Krzyształowicz zastąpił w Tarnowie Wojtowicza
Wojtowicz zaczął w Tarnowie drugi sezon w ekstraklasie, ale już po trzech meczach (porażki) strony się rozeszły. W 4. kolejce zespół był tymczasowy prowadzony przez dotychczasowego asystenta Michała Madejskiego. W poniedziałek (30.10) wieczorem zaprezentowany został nowy trener, który przeprowadził także pierwszy trening z drużyną.
"Naszemu nowemu trenerowi życzymy powodzenia w pracy. Liczymy, że obudzi potencjał drzemiący w naszej drużynie i skieruje ją na właściwe tory, co przyczyni się do znacznej poprawy wyniku sportowego. Jest to kolejny krok w stronę budowania stabilności klubu oraz jego przyszłości" - napisano w oświadczeniu tarnowskiego klubu.
Krzyształowicz ma na koncie kilka sukcesów. Jak będzie w Grupie Azoty Akademii Tarnów?

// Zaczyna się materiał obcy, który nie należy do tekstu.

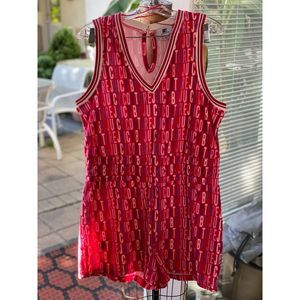 Juicy Couture Red, Pink, Wht, Prpl Logo Terry Cloth Sleeveless Vneck Romper SZ L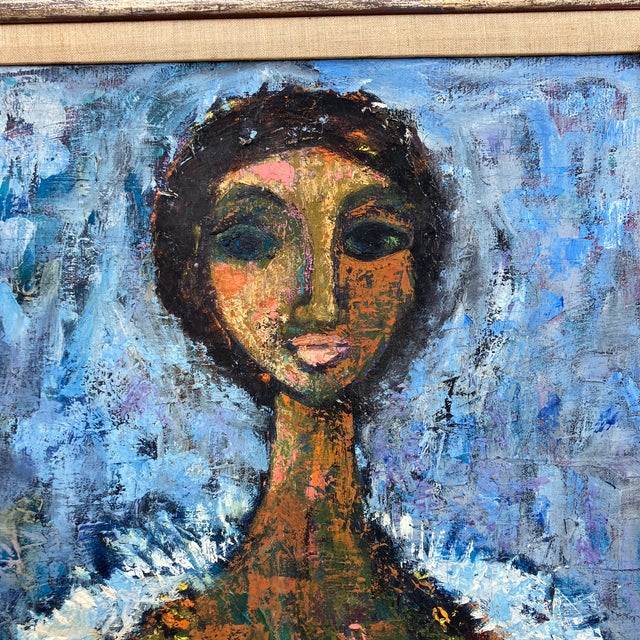 1960s 1960’s Original Abstract Expressionist Portrait of Woman With Her Cat Fancy Silver Leaf Frame For Sale - Image 5 of 9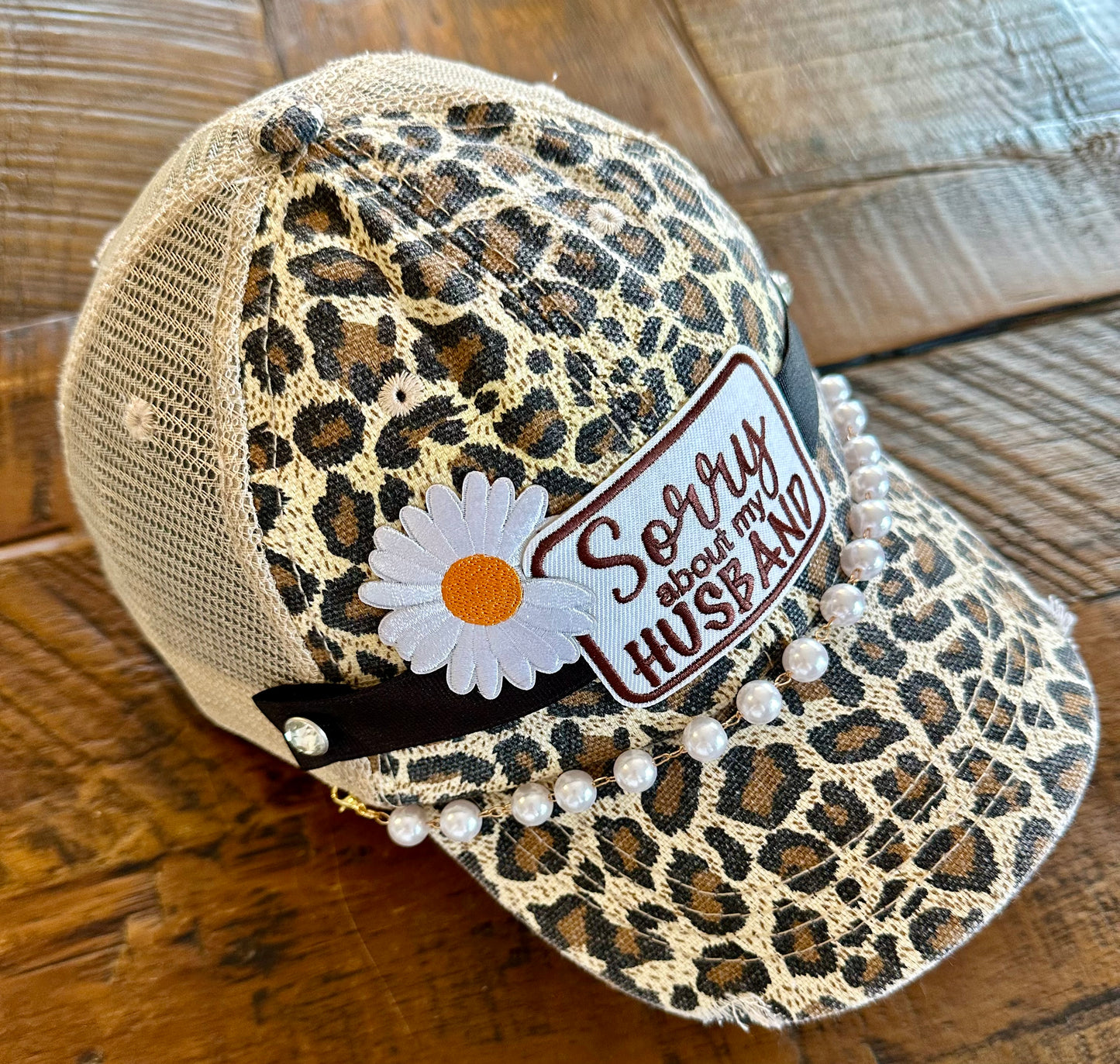 A Little Boujie Hat Collection - Sorry about my Husband (leopard cotton & mesh hat)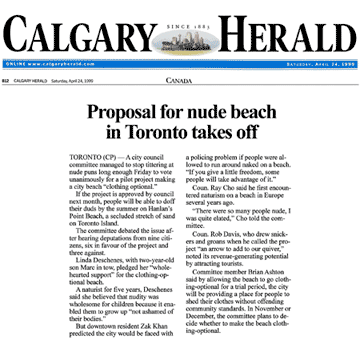 Calgary Herald 1999-04-24 - City committee OKs Simm’s proposal for CO-zone at Hanlan’s Point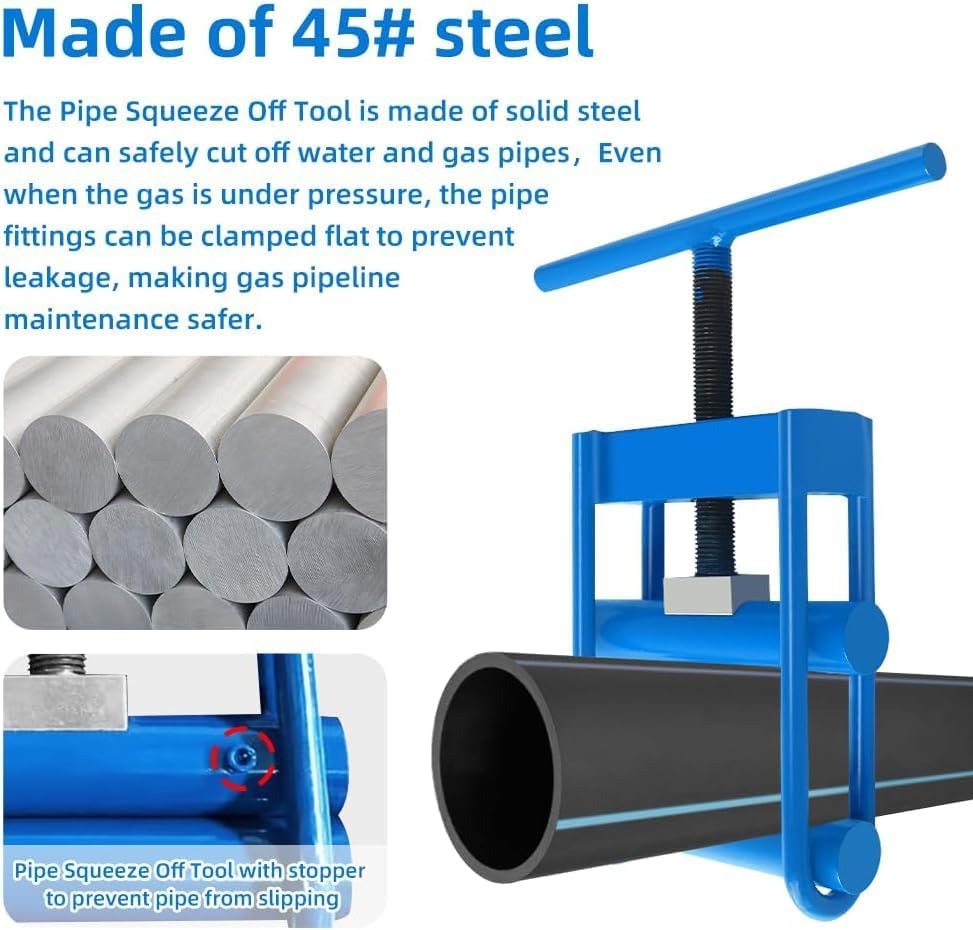 Pipe Squeeze Off Tool,Gas Pipe Squeeze-Off Tool, For PE/PPR/PVC Plastic Water Pipe or Natural Gas Pipeline, Pipe Blocker, Blue Pipe Shut Off Tool (1/2-3.5 in)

Krzyształowicz w poprzednim sezonie prowadził w Tauron Lidze E.Leclerc Radomkę Radom, nie przedłużono z nim kontraktu. Wcześniej jako pierwszy trener pracował w latach 2016-2021 w Grocie Budowlanych Łódź. W tym klubie odnosił największe sukcesy, zdobywając:
- wicemistrzostwo Polski (2017, 2019)
- brązowy medal MP (2018)
- Puchar Polski (2018)
- Superpuchar Polski (2107, 2018, 2020)
Ma też doświadczenie z pracą w reprezentacji kobiet - był w sztabie trenera Jacka Nawrockiego.
W Tarnowie czeka do trudne zadanie. Dorobek Żyraf" w czterech kolejkach to zaledwie punkt (z tym, że zawodniczki grały z potentatami ligi - Chemikiem Police i Grotem Budowlanymi). Debiut będzie ogromnym wyzwaniem - Grupa Azoty Akademia zagra w niedzielę (5 listopada) na wyjeździe z aktualnym mistrzem Polski, ŁKS Commercecon Łódź.
- Na razie muszę się jeszcze przekonać, jak to wygląda. Z żadną z tych zawodniczek nie miałem wcześniej okazji pracować. Muszę się ich bezpośrednio nauczyć, a trening to najważniejsza rzecz po meczu, gdzie mogę je ocenić - powiedział Krzyształowicz stacji RDN.
- Można mieć swój styl pracy i swoje schematy, ale zawsze trzeba go dostosować do możliwości zawodniczek i w tym momencie chcę to zrobić, ponieważ aktualnie nie będzie zmian personalnych. Wraz ze sztabem będziemy bazować na tym, co mamy dostępne - dodał.